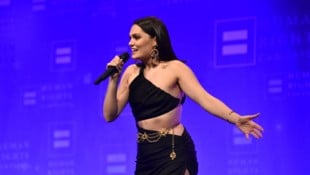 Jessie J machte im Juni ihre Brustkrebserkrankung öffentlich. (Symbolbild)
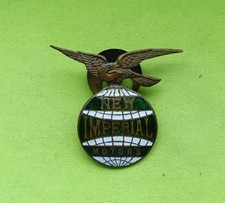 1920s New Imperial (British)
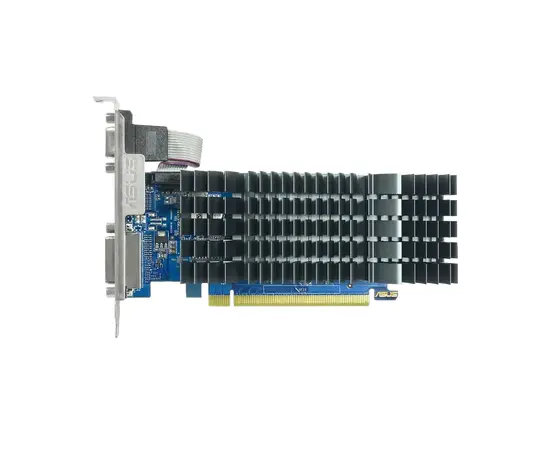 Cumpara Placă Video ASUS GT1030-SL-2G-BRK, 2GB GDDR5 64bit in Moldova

## Task brief
The listing above should be transcribed word for word, with its pictures left out.

## Task response
 Jessie J machte im Juni ihre Brustkrebserkrankung öffentlich. (Symbolbild)
 1920s New Imperial (British)
 Cumpara Placă Video ASUS GT1030-SL-2G-BRK, 2GB GDDR5 64bit in Moldova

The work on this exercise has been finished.